Harpenden Common Golf Club is a private members' golf club in Harpenden, Hertfordshire.

Although golf has been played on Harpenden Common since 1895, Harpenden Common Golf Club itself was founded in 1931 when Harpenden Golf Club moved to a new course at Hammonds End. The similarities between the two clubs' names has been known to create confusion for visiting golfers but once visitors are redirected to the club on Cravells Road they can expect a warm welcome. After a major revision to the course in 1996, the golf course consists of eleven holes on the original common and seven new holes on private land in an area known as the Jockey Field.

Notable Members 

The club's most famous member is Ken Brown who joined as a junior member in 1969 and also worked as a green keeper at the club. Ken acknowledged his attachment to the club during his professional playing career. Ken frequently discusses goings on at '"the Common"' during his BBC commentary at major golf tournaments. Ken was recently joined by the mayors of Harpenden and St Albans in May 2013 when he officially opened the newly developed clubhouse.

The Golf Course 

The golf course is partly based on Harpenden Common and partly on private land owned by the Club (known as the Jockey Field.

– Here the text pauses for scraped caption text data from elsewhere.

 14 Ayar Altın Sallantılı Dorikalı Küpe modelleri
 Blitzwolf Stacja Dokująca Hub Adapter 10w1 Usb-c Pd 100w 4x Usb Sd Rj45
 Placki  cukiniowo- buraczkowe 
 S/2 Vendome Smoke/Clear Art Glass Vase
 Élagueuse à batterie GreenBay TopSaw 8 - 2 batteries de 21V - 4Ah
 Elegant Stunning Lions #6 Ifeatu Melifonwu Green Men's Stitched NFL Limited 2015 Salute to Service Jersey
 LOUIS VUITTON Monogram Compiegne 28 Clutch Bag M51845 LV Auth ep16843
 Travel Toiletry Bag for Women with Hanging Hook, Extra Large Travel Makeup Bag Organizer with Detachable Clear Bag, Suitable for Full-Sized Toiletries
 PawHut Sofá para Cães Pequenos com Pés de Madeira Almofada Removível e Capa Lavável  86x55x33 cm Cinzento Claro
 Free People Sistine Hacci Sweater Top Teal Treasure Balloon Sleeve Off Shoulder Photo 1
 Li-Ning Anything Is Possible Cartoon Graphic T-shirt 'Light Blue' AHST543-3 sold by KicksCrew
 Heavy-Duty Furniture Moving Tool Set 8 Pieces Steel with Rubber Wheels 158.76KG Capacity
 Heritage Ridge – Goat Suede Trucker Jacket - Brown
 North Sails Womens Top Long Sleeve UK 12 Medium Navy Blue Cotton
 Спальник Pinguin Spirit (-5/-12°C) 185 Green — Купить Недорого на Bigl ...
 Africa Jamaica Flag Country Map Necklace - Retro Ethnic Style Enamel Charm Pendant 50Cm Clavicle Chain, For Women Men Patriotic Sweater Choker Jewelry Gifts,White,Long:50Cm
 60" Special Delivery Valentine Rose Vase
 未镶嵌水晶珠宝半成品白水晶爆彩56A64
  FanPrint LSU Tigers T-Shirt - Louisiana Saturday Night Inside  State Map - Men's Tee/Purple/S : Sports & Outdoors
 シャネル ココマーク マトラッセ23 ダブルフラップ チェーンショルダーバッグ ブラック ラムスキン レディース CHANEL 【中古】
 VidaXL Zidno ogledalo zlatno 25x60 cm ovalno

The holes in the Jockey Field were added in 1996 and were designed by club member and Ryder Cup player Ken Brown. At the same time some of the holes on the Common were amended and lengthened. Some of the original holes on the Common which are no longer used as part of the course now provide excellent practice facilities for the members of the club and visitors.

The golf course at Harpenden Common Golf Club has a number of interesting or unusual features:

 Holes 1 to 5, 8 to 11, and 17 to 18 are played on Harpenden Common which is public common land.
 The approach shot to the 2nd green is played over a public road called Cross Lane;
 The 3rd fairway includes the cricket square and pitch on which Bamville Cricket Club play cricket on Sunday afternoons between May and September each year. At times when cricket is being played, the 3rd hole is played as a par three hole from past the cricket pitch.
 The 4th and 5th holes are consecutive par threes, a rare occurrence on British golf courses;
 Tee shots on the 8th and 9th holes are played over public roads Cross Lane and Limbrick Road respectively.
 The copse of trees between the 8th green and 9th tee mark the site of the "paddock" which is all that remains of the historical horse races that were held on the Common between the 1830s and 1914.
 The course ends with a par three. This is relatively unusual on golf courses but does enable members on the terraces and balconies of the clubhouse to watch the entire final hole of important matches from their seats.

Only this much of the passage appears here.